Guest NLM Piece: The Place of Lectio Divina in the Liturgical Life

A request for help, and a (different) modest proposal

by Dom Christopher Lazowski, OSB

There is a monastic adage that states that a monk should pray the Psalter in a week, and should read the Bible in a year. St. Benedict attaches great importance to the weekly Psalter, so much so that after explaining how the psalms are to be distributed over the course of the week (by shortening the cursus used in his day by the monastic communities that served the great Roman basilicas), he then says that the abbot is free to find another system, as long as the rule of 150 psalms a week is respected.

The rest of the Bible is read in a systematic way at the night Office. The lessons in the Breviarium Monasticum (the same as the ones in the Breviarium Romanum, but divided into four parts per nocturn on Sundays and feasts, instead of three) testify to the traditional order of reading Scripture over the course of the liturgical year. The lessons were probably somewhat longer in most places until the need of the mendicant orders to have easily carried books led to the shortened lessons that the classical breviaries have preserved, although few monastic houses are likely to have attained the prolixity of Cluny, where the whole book of Daniel, for example, was read during one night! It was frequent (and it was the practice at St-Wandrille throughout the Middle Ages) to finish readings begun at Vigils during meals in the refectory; reading at table is considered a cibus cibo melior.

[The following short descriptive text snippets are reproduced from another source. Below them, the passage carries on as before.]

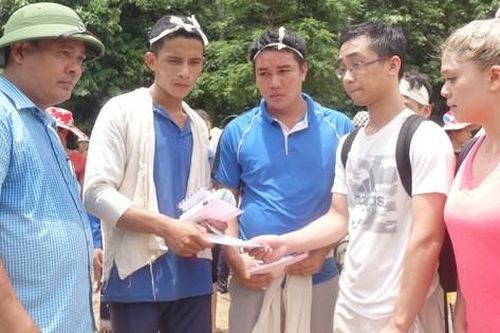 Tình người sau trận 'đại hồng thủy' ở Sa Ná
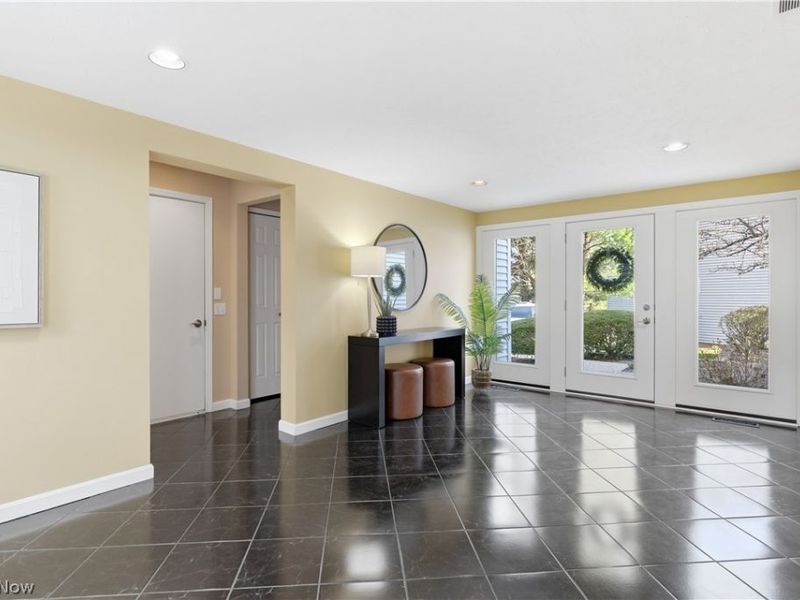 985 Goldenrod Trail , Aurora, OH 44202 Photo 5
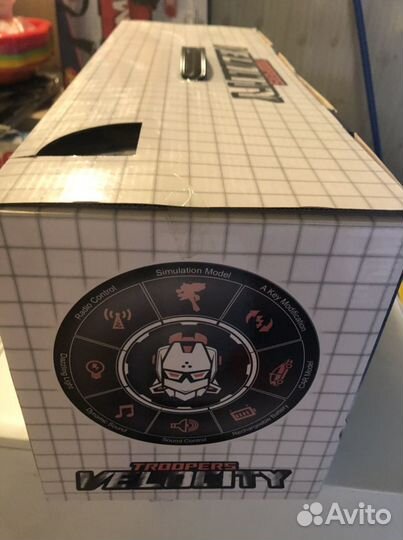 Робот-трансформер р/у Troopers Velocity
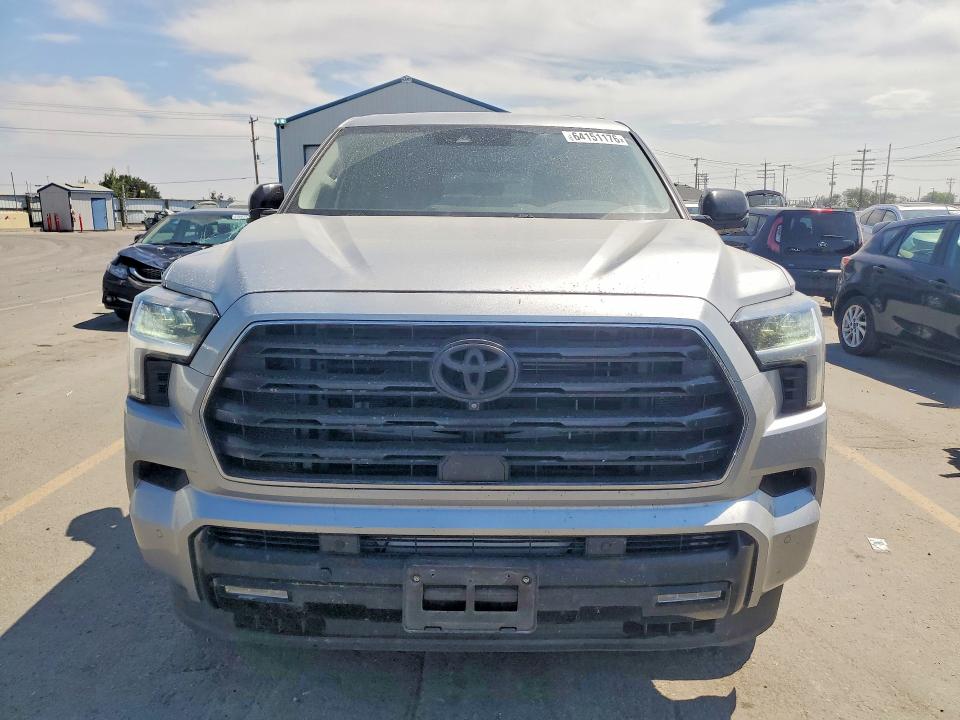 Продажа на аукционе авто 2024 Toyota Sequoia, vin: 7SVAAABA5RX021482, номер лота: 64151176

But the reading of Sacred Scripture is not limited to the liturgy. It is the chief matter of lectio divina, the meditative and prayerful reading, sliding in and out of prayer, that is a vital element of monastic life. I will never forget a remarkable Sunday homily given by Fr. Bouyer when I was in the novitiate, in which he quoted Ailred of Rievaulx, who described a monastery as a place where everything was arranged to favour the reading of the Bible, the practice of lectio divina. The classic exposition of lectio divina is “The Ladder of Monks” by Guigo II, ninth prior of La Grande Chartreuse; it is available in English translation in the Cistercian Fathers series. Novices here are given a plan for reading the Bible in a year, drawn up in the 1950s by a French biblical scholar, Sr. Jeanne d'Arc, O.P., which is inspired by the way the different books are read at the Office, with the addition of the books that the Office omits, but without the psalms and the Gospels.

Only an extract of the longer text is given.